In the show, the men often reference the Qur’an when deciding on how to punish the women. In one such instance, Jade sneaks out of the house to meet Lucas, causing her fidelity to be called into question. As Ali, Said, and Said’s uncle decide how to go about punishing her, Ali tells Said’s uncle that, “She committed a sin and she will receive her punishment”Ã‚but in the Holy Book it says before you can say someone is guilty you have to have four witnesses who were present when the sin took place.” The four men whom they consulted did not see anything, so Jade was spared.
However, another punishment was ordered as a consequence of her sneaking out. Said’s uncle says, “You should correct your woman with a blow. The book [Qur’an] permits that, in these cases within marriage, you hit the woman. It is not encouraged to do it out of emotion, but for correction. This is written in the book.”
Then Ali replies, “But this is an interpretation that is very strict and retracts from the writing. Prophet Muhammad said don’t hit a woman and he never did and he was wed to six women.” Then he goes on to say, “He (the Prophet) always said that whoever hits a woman is of bad faith. Did he say this or did he not?” However, Ali’s character was already seen slapping Jade earlier in the series. Maybe it is okay for a father figure to hit a woman, but not her husband?
The writers seem to have done their research in these instances and instead of targeting Islam as the reason for the sometimes-ill treatment of women, they attribute these injustices to the failure of men to accurately interpret the Qur’an and the Sunnah of the Prophet.

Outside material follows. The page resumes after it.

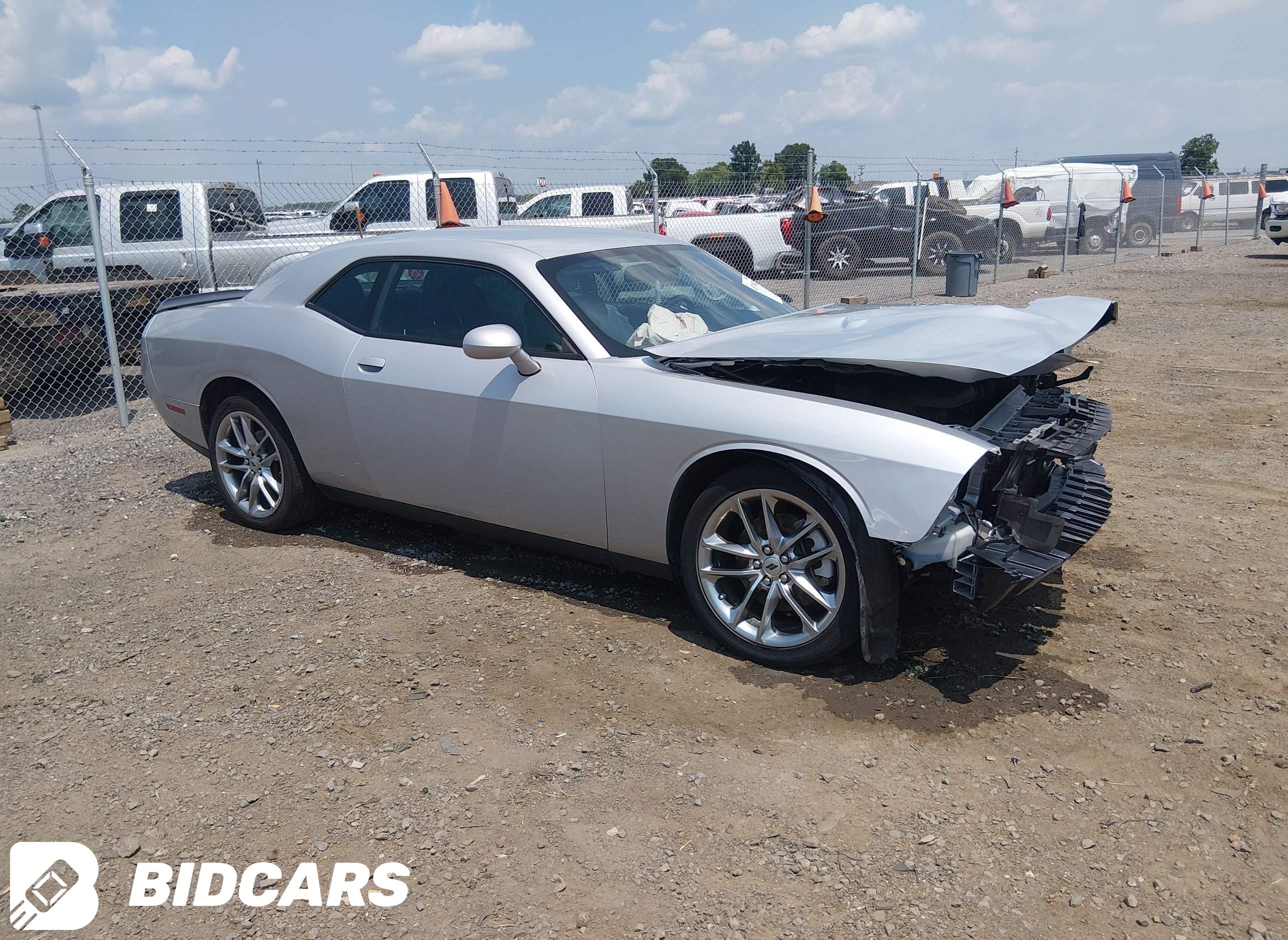 2023 Dodge Challenger, Gt Awd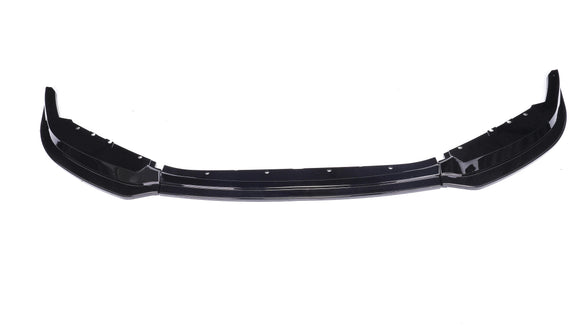 Exon Gloss Black V Style Front Splitter set (3-Pieces) for BMW M2 G87 - MODE Auto Concepts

Despite the way the women are actually treated or depicted on the show, there is mention of some kind of concept of gender equality promoted in Islam. Ali explains that the marriage contract acts as means to protect the rights of the woman. When speaking to Latiffa just before her wedding night Uncle Ali tells her, “the Qur’an says that sex is a pleasure for the man and the woman and everything is permitted.” At the same time Mohamed’s uncle tells him, “The man should not leave the marriage bed till the woman is pleased.”
During Said’s wedding, an imam comes to talk to him about marriage. He tells Said that a good wife is one who, “listens to you when you talk” and “when you look at her you are happy” and “when you are down she looks after you.” The show also demonstrates that a woman must give verbal consent to the marriage at the time that the marriage contract is signed.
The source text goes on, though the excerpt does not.